◆ The problem: Begin at the line containing "快手修订《快手小店经营违规管理规则》 本月24日生效_零售_电商报" and copy exactly through the last line of the listing, skipping every picture.

◆ Provided data:
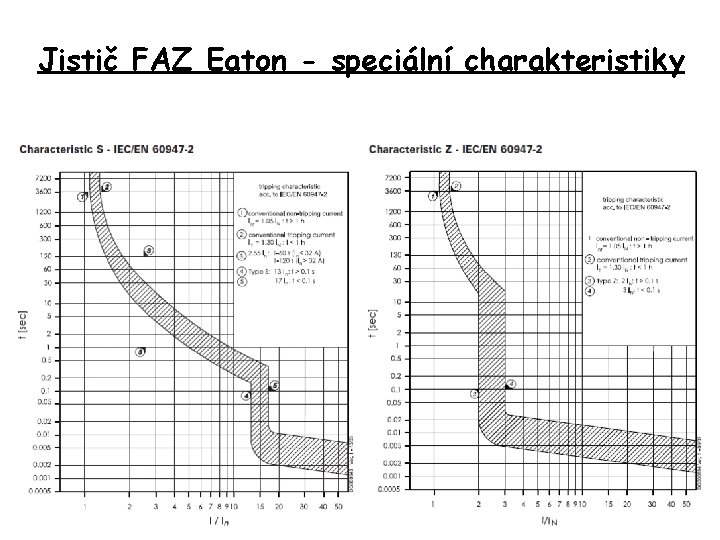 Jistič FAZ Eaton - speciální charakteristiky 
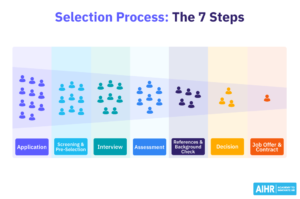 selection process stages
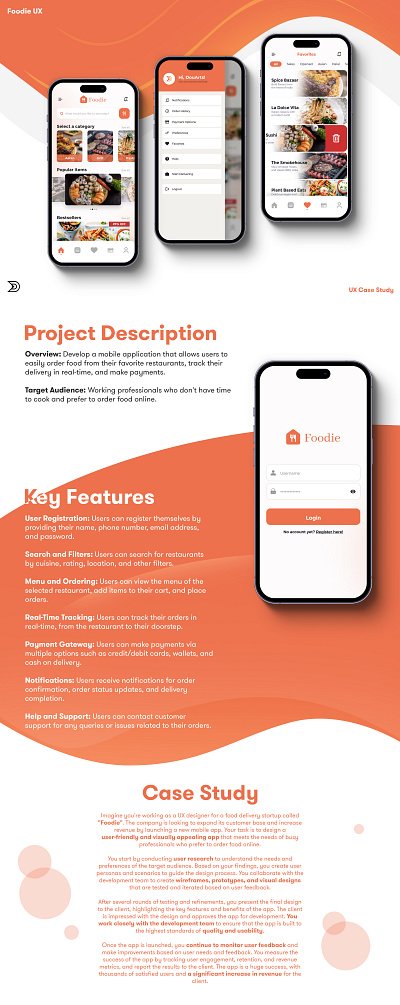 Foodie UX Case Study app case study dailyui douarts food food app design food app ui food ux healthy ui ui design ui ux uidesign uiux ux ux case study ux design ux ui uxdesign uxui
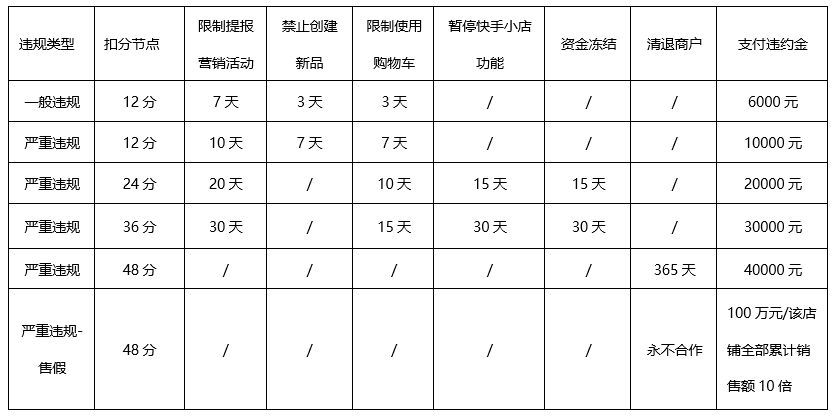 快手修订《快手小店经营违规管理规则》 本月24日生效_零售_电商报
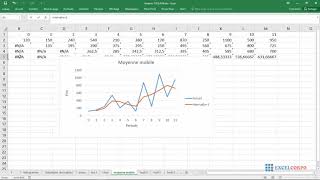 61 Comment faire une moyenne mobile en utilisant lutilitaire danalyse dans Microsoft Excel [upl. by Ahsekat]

◆ Response to this exercise:
 快手修订《快手小店经营违规管理规则》 本月24日生效_零售_电商报
 61 Comment faire une moyenne mobile en utilisant lutilitaire danalyse dans Microsoft Excel [upl. by Ahsekat]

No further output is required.